The actual contract was only forthcoming at the end of June.

Public Investment Corporation

A draft version of the massively delayed “downside protection agreement” that the PIC signed with AEEI to protect it against a collapse of the Ayo share price, provides for a penalty payment of up to R1 billion if the Ayo share price fell below R26 for an extended period.

But it also reads that AEEI “at its sole discretion” can pay the penalty in Ayo shares, leading to the absurd situation where the PIC is compensated for its Ayo shares becoming worthless by receiving yet more Ayo shares.

The PIC has for two weeks ignored most of City Press’ questions, except to say it managed to sign a better final protection agreement that “provides sufficient downside protection to the PIC”, according to the organisation’s head of corporate affairs Deon Botha.

However, this protection was not mentioned as a potential contingent liability in AEEI’s financial results released two weeks ago.

AEEI is a listed company and would have to tell shareholders if there was a chance it would be called on to pay a R1 billion penalty.

Meanwhile, two Survé-controlled companies have bought tiny numbers of Ayo shares almost every day for roughly R25 each over the past four months.

JSE trading data shows that almost all other Ayo share bids are for as little as R1.70 per share.

Survé’s share purchases were made through Sekunjalo and 3 Laws Capital, which have been responsible for most trading of Ayo shares since the end of July.

Publicly available JSE data show there were about 250 000 Ayo shares traded between August 1 and November 30, of which Sekunjalo and 3 Laws Capital bought almost 152 000, or 60%.

Survé defended these purchases as a long-term strategy to acquire the shares at a good price due to Ayo’s excellent long-term prospects.

“Ayo, as a prominent black ICT company, has superb prospects.

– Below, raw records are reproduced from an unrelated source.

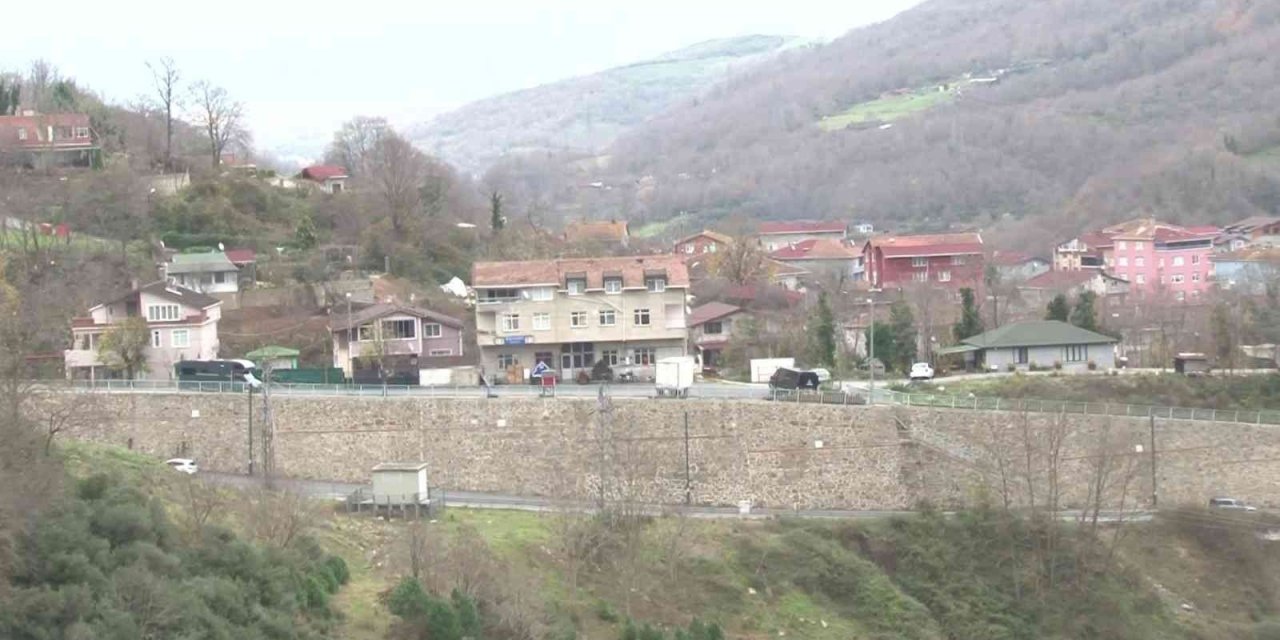 Beykoz’da aç kalan domuzlar yerleşim yerlerine indi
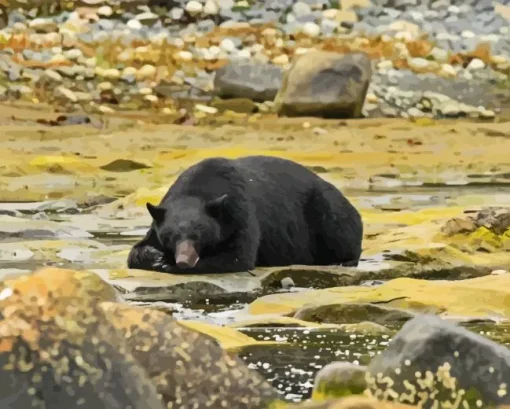 Bear Sleeping Diamond Painting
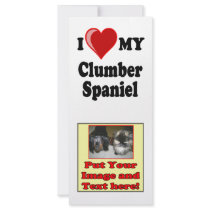 I Love (Heart) My Clumber Spaniel Dog rack cards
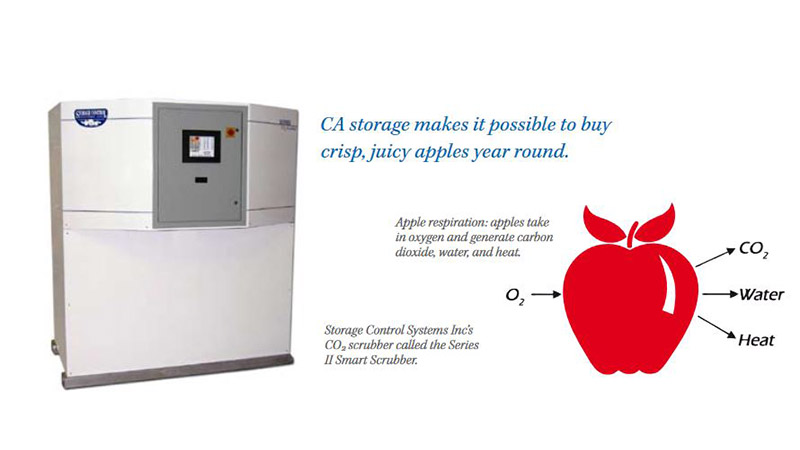 Apple storage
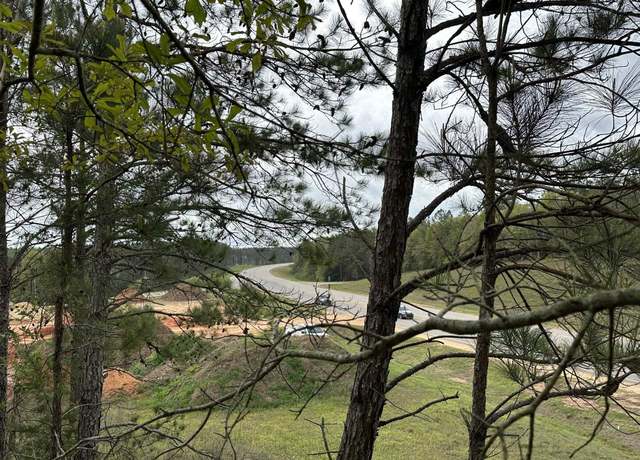 Property at 6103 East Lloyd Mill Rd, Red Level, AL 36474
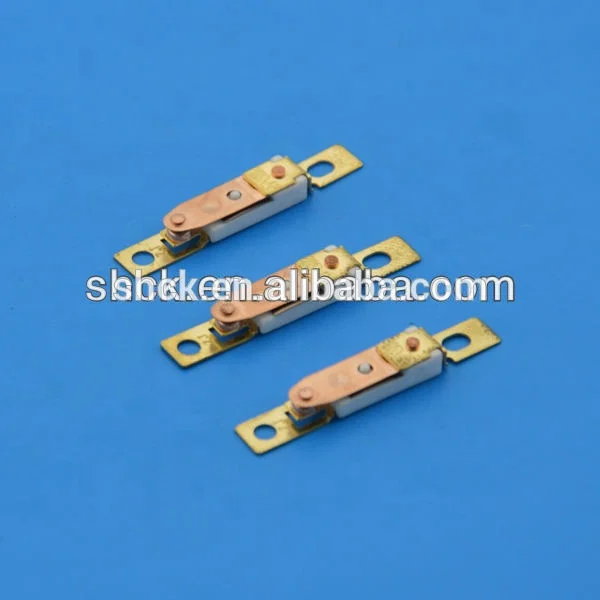 Hair blower thermostat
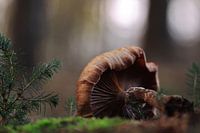 Fallen Giant
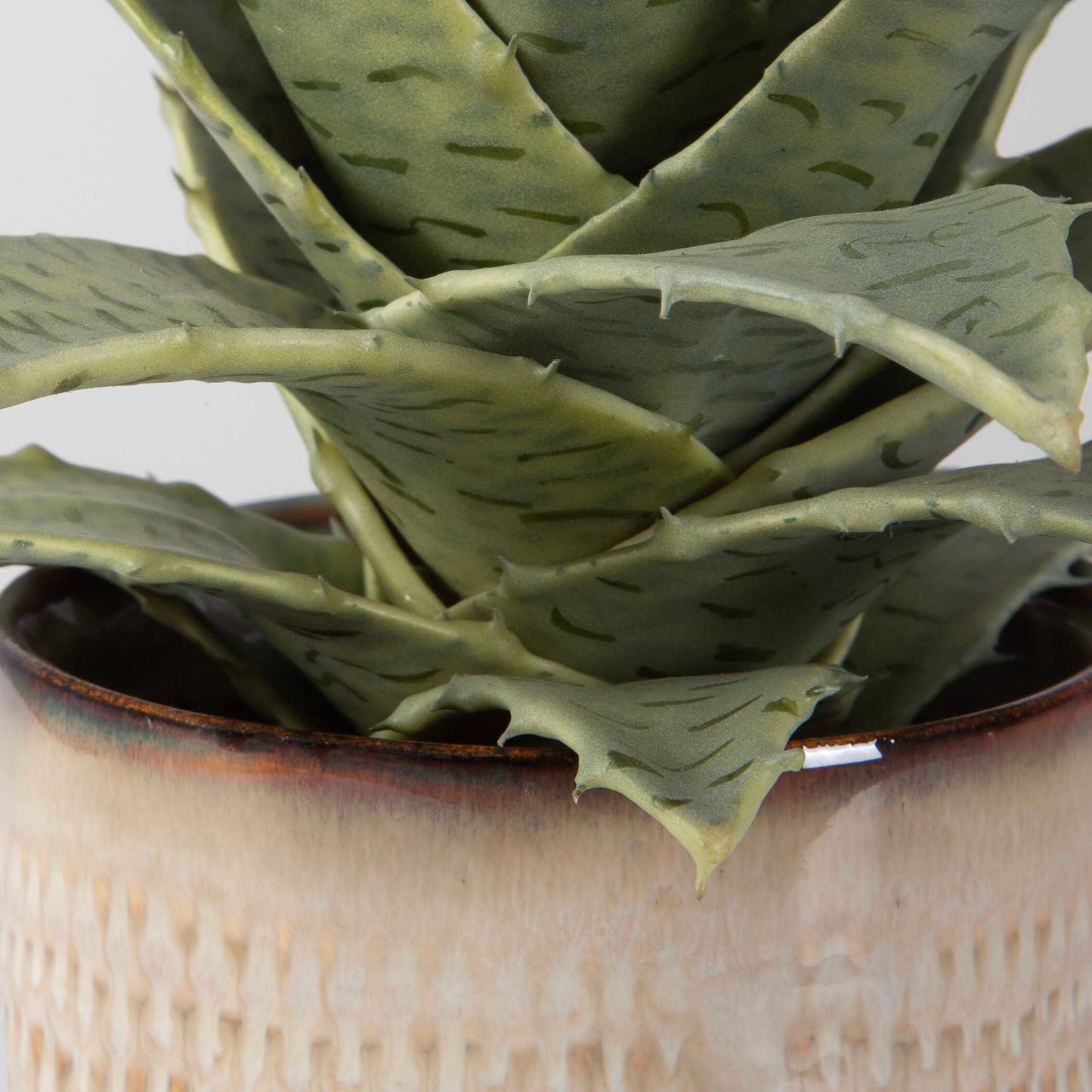 Uttermost Seaside Succulents Set/2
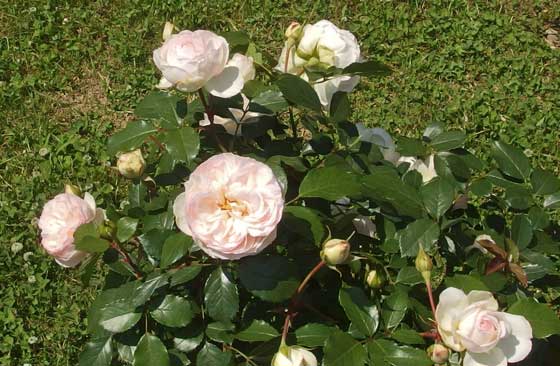 ティー系の芳香がある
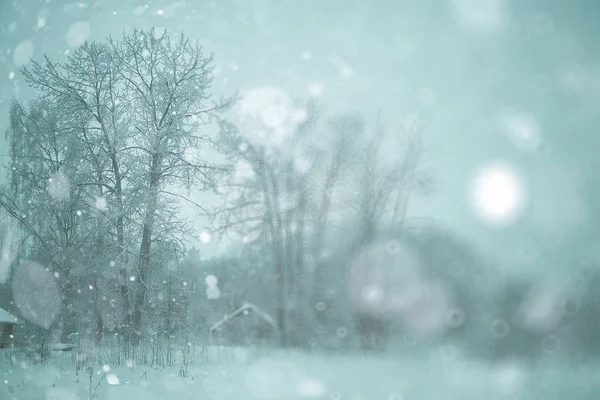 Χειμερινό χιονισμένο δάσος — Φωτογραφία Αρχείου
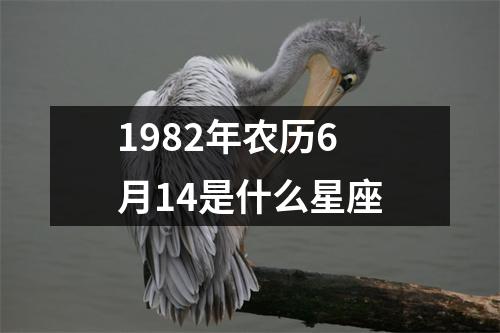 1982年农历6月14是什么星座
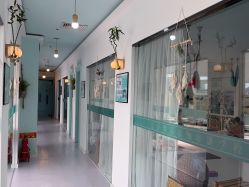 -蓝菲女子能量站·舞蹈·瑜伽·体塑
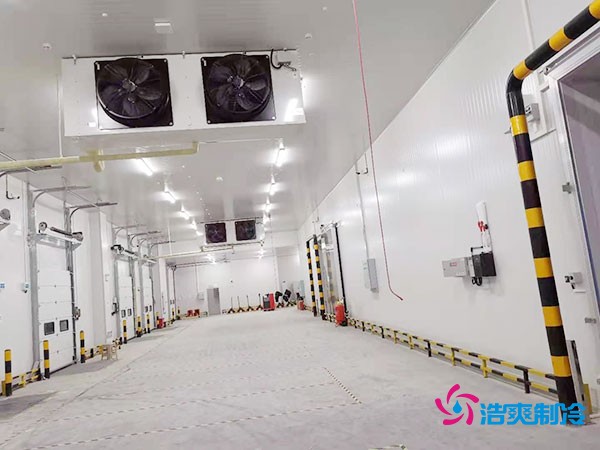 冷庫造價懸殊？揭秘每平米價格背后的秘密！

Its fundamentals are sound with strong profitability, governance and balance sheet. The decision of the portfolio investment committee to invest in Ayo is validated further by the company’s good results and prospects – we think there is a good pipeline ahead,” Survé said by email.

‘FRAUDULENT MINUTES’

An email from Ayo company secretary Nobulungisa Mbaliseli to former chair Young severely objects to his amendments to the minutes of the board meeting where Ayo executives’ complaints were discussed.

Mbaliseli has since left Ayo and Young has been replaced by Mgoqi.

The email states Mbaliseli refused to distribute Young’s amended minutes because they were “no longer a true reflection of what was discussed” and “would be tantamount to further governance breaches in the organisation”.

“If I circulate the minutes ... [it would be] tantamount to me having prepared fraudulent minutes and this would result in me breaching my fiduciary duties,”
she states.

The full minutes were ultimately distributed.

The proposed changes that Mbaliseli had objected to included a redaction of any reference to Survé’s R400 million loan, as well as references to the executives’ complaint that the BTSA deal underpinning the entire PIC investment was “inflated”.

In response, Mgoqi said it was “totally false” and “without foundation” that Young tried to alter the minutes.

BEE CONSORTIUM MYSTERY

The makeup of the consortium has not been made public or even disclosed to the PIC, except to say it includes unions, black business organisations and the Social Entrepreneurship Foundation – a part of Survé Philanthropies.

In emails from July and August, the PIC’s general manager for listed equities, Lebogang Molebatsi, was frantically trying to get Ayo to clarify who was in the consortium. He was also asking Ayo why its BEE partners got shares at R1.50 when the PIC paid R43.

Shortly before listing on the JSE and selling shares to the PIC at R43 apiece, Ayo also brought on board a BEE consortium at R1.50 a share.

He urgently needed the information so he could present it to an imminent meeting of the PIC’s investment committee, the emails state.

Former Ayo CEO Hardy could not be reached for comment and former Ayo investment chief Nodwele referred questions to Ayo.

AEEI answered questions by saying: “We have no further comment to make on any of these matters.”